Abstract:
A fluid-solids contacting device is provided in tanks which can be essentially filled with particulate solids treating medium. An improved fluid distributor element is provided in such vessels including a tube-defining-frame such as a helix which is anchored to a fluid inlet or outlet pipe and which is covered with a fabric sleeve secured annularly to the pipe end. Where the pipe is an inlet pipe, all of the fluid must flow through the sleeve and is distributed over the area of the sleeve within the fluid-solids treating vessel. Where the pipe is an outlet pipe, the fluids leaving the tank must pass through the sleeve before entering into the outlet pipe. In both cases the flow distribution of the fluid within the tank is improved.

Description:
BACKGROUND OF THE INVENTION 
     1. Field of the Invention 
     This invention relates to fluid-solids contact devices wherein a fluid (gas or solid) is contacted with particulate solids in a tank to effect a change in the composition of the fluid. More particularly, the invention concerns such fluid-solids contacting devices having an improved fluid distributor. 
     2. Statement of the Prior Art 
     Fluid-solids contacting devices are well known wherein a gas or liquid is contacted with particulate solids for the purpose of altering the characteristics of the gas or liquid. Typical examples for gas contacting include: cleaning exhaust airstreams by removing contaminants; cleaning storage tank vent gases; process vents; treating sewage gas vent streams; treating laboratory hood exhaust streams; treating the exhaust gases from vacuum pumps; dehydrating gaseous streams, particularly airstreams. For these gas-solids contact devices, the treatment solids may be particulate activated carbon; silica gel; activated alumina; ion exchange resins; various coalescing fibrous solids and the like. 
     Typical liquid-solids contacting installations include: sewage treatments; industrial waste waters; solvent streams; laboratory waste streams; separator runoff streams; scrubber wastes; plant and transportation spills; electroplating baths; recycled water; potable water; wash water. The particulate solids may be activated carbon; silica gel; activated alumina; molecular sieves; ion exchange resins; coalescing fibers. 
     Disposable or rechargeable devices are known wherein a tank, frequently a conventional metal drum (e.g., 55 gallons capacity) is employed as a tank for the particulate solids.
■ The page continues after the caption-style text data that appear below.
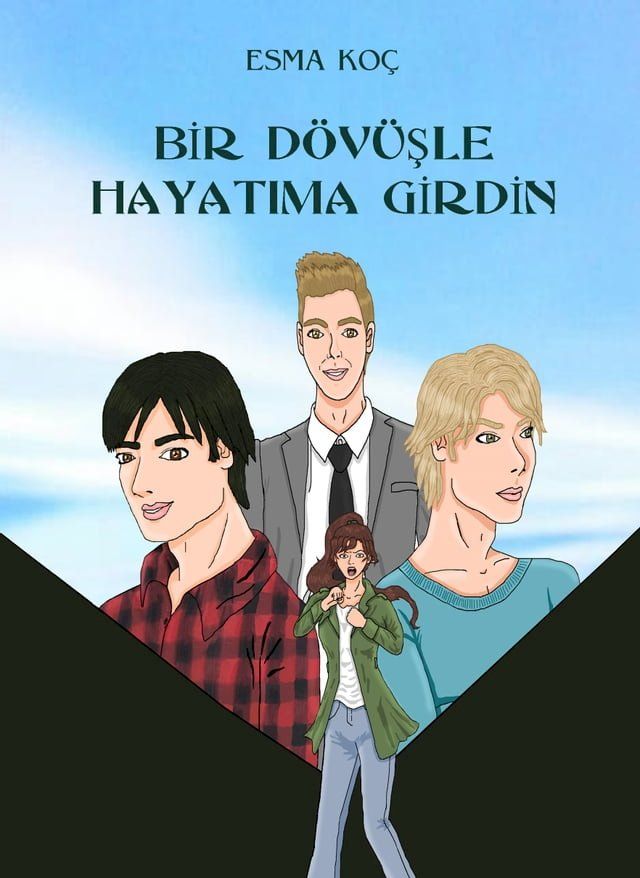  Bir D&ouml;v&uuml;şle Hayatıma Girdin(Kobo/電子書)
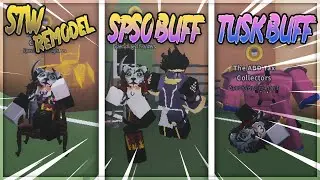New STW Remodel + SPSO NEW MOVE/BUFF + TA4 BUFF/SHA BUFF | A Bizarre Day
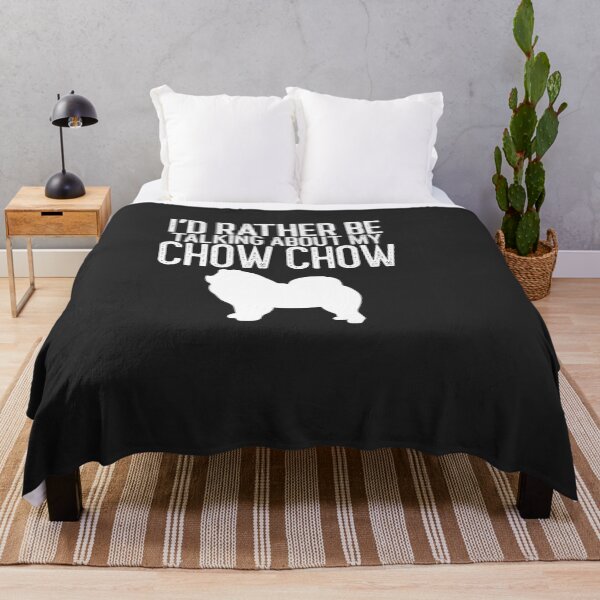 Item preview, I'd Rather Be Talking About My Chow Chow Dog Lover Gift designed and sold by EricJP.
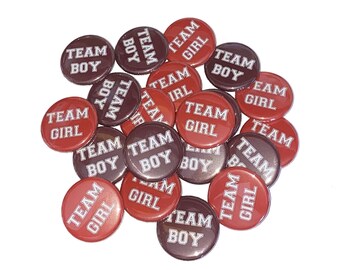 Gender Reveal, Brown, Dark Red, 1.25", 1.5", 2.25", Pinback Button, Baby Reveal, Baby Shower, Team Boy, Team Girl, Boy or Girl, VB100, VB108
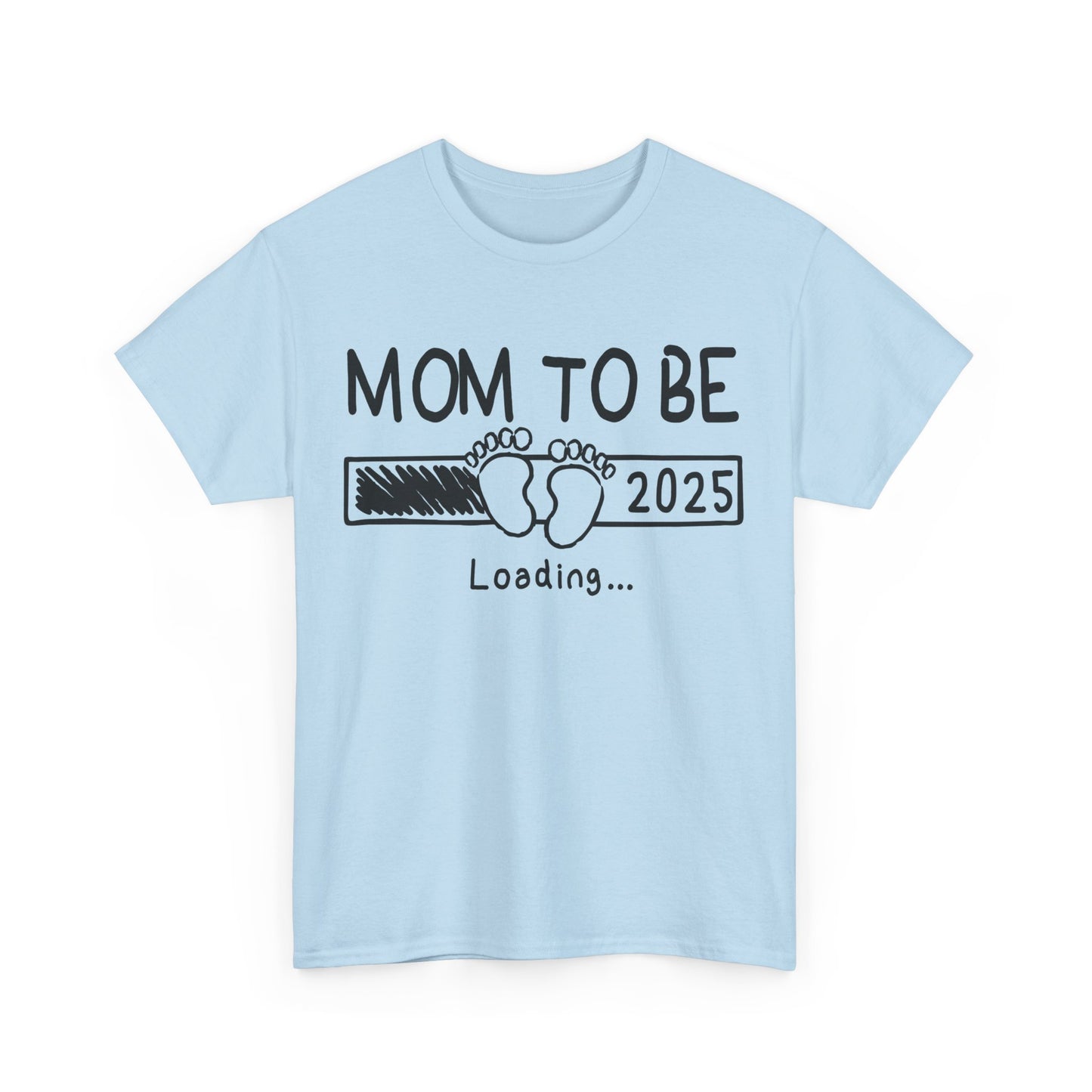 Mom to Be 2025 Loading T-Shirt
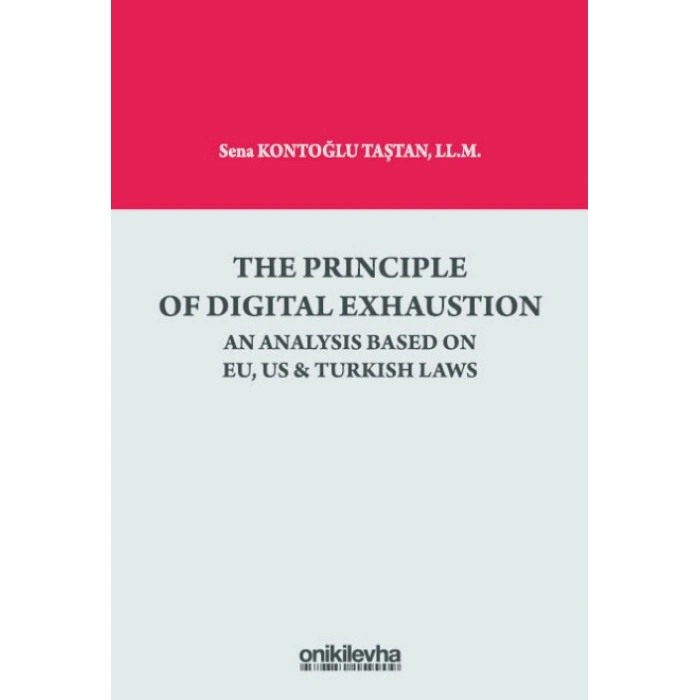 The Principle Of Digital Exhaustion An Analysis Based on EU, US & Turkish Laws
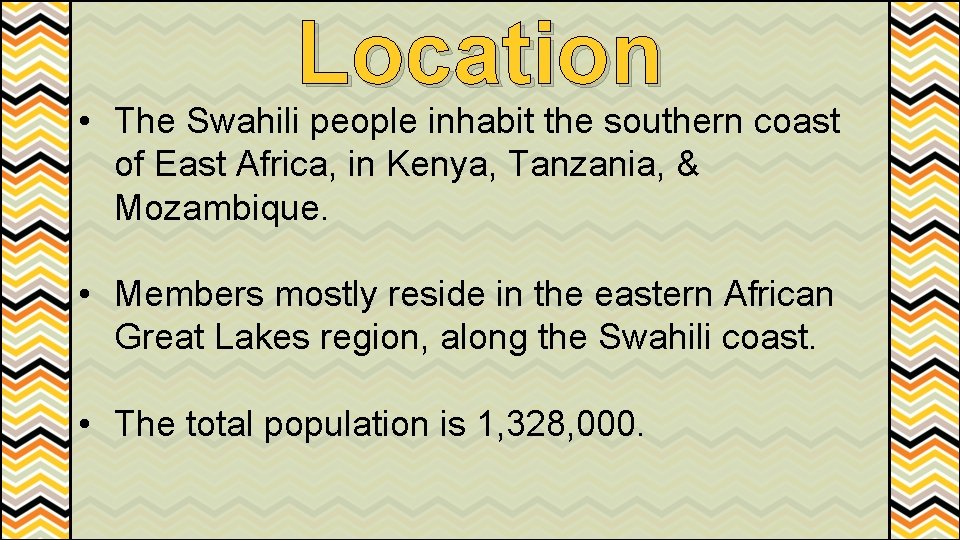 Location • The Swahili people inhabit the southern coast of East Africa, in Kenya,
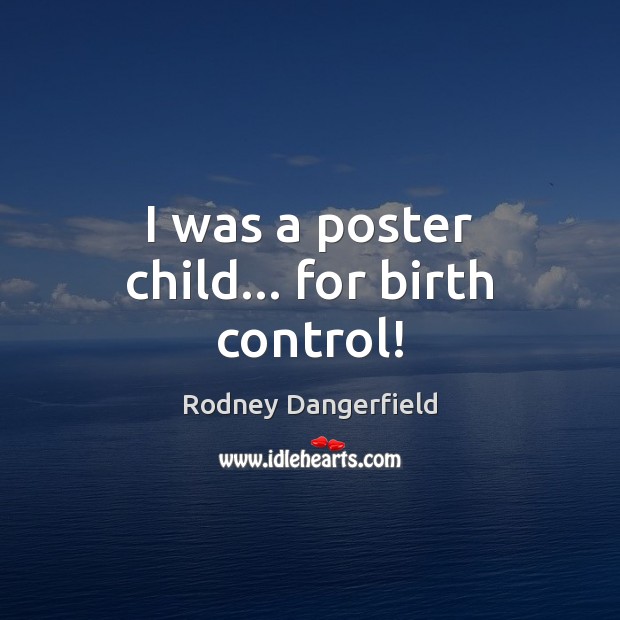 I was a poster child… for birth control! Rodney Dangerfield Picture Quote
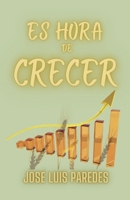 Es Hora de Crecer (Spanish Edition) B0CKD1F7YB Book Cover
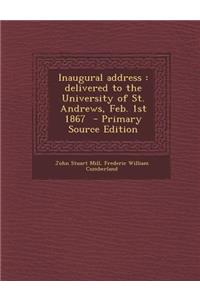 Inaugural Address: Delivered to the University of St. Andrews, Feb. 1st 1867: Delivered to the University of St. Andrews, Feb. 1st 1867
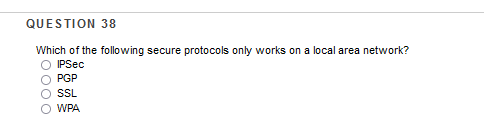 QUESTION 38
Which of the following secure protocols only works on a local area network?
O PGP
O SSL
O WPA
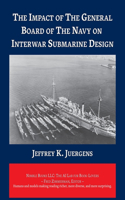 Impact of The General Board of The Navy on Interwar Submarine Design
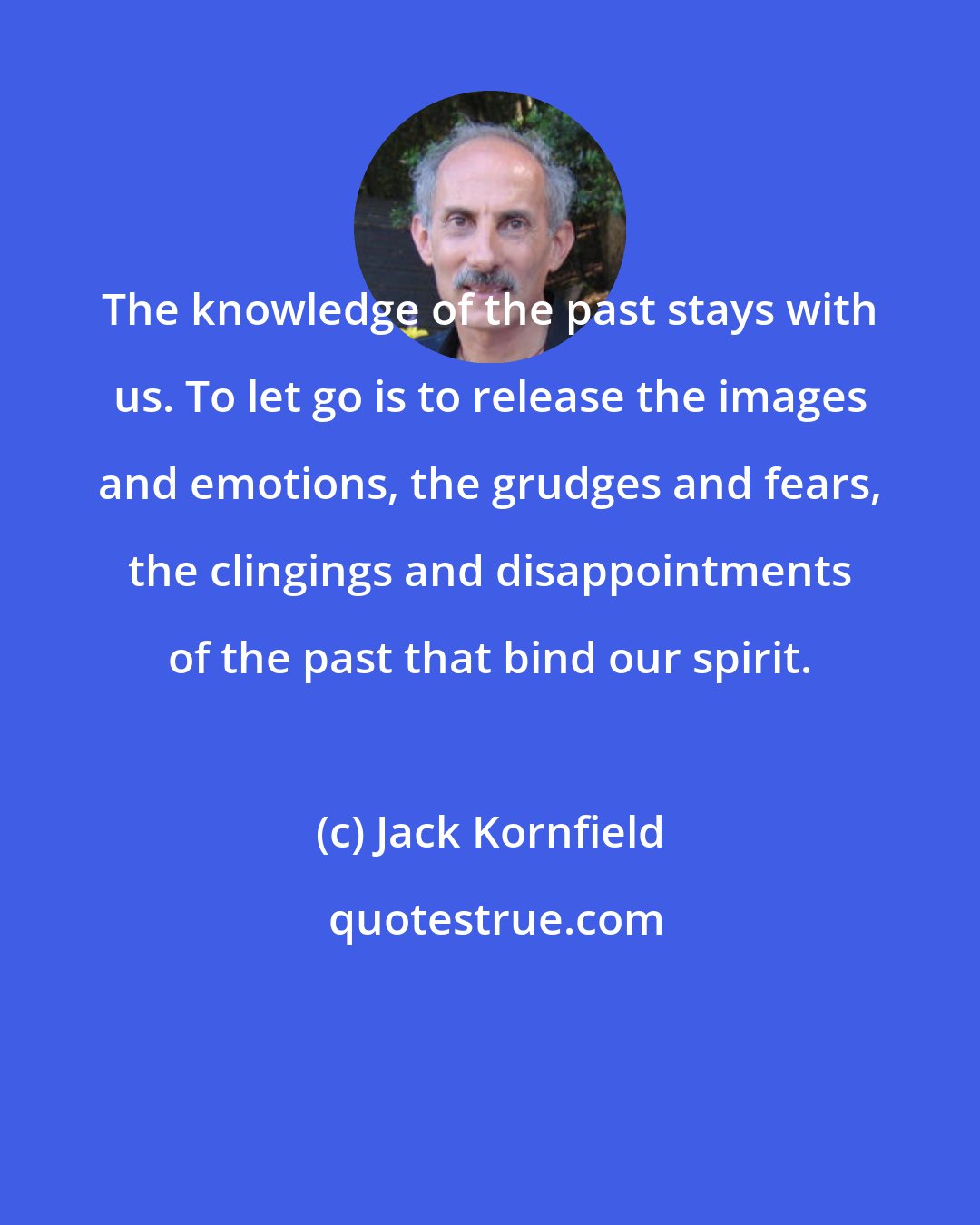 Jack Kornfield: The knowledge of the past stays with us. To let go is to release the images and emotions, the grudges and fears, the clingings and disappointments of the past that bind our spirit.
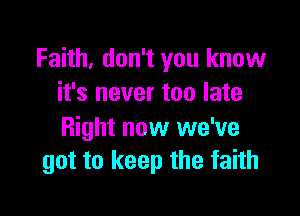 Faith. don't you know
it's never too late

Right now we've
got to keep the faith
The fluid (gas or liquid) is introduced and required to pass through a bed of the particulate solids for treatment. The treated fluid is recovered at the other end of the bed of particulate solids as a fluid stream. According to the prior art, such tanks employ a distributor plate in some cases to support the particulate solids bed and in other cases employ a supporting bed of inert solids such as gravel or sand to serve as a fluid distributing member to distribute the impact velocity component of the inlet fluid or withdrawn fluid. 
     The use of such distributor plates and supporting inert solids beds restricts the inventory of particulate solids which can be maintained in the tank. Hence such device must be replaced or recharged frequently. The recharging of such tanks is a cumbersome operation since the perforated membrane must be cleaned and reinstalled; or the inert solids must be discarded, or removed, cleaned, recovered and replaced. All of the prior art disposable or rechargeable fluids-solids contacting devices would be improved by minimizing channeling within the bed of particulate solids. 
     Accordingly there is a need for an improved fluid-solids contact device which has a longer operating life and hence requires fewer replacements. There is a need for a fluid-solids contact device with improved fluid flow distribution and accompanying reduction in the fluid pressure drop through the solids bed. 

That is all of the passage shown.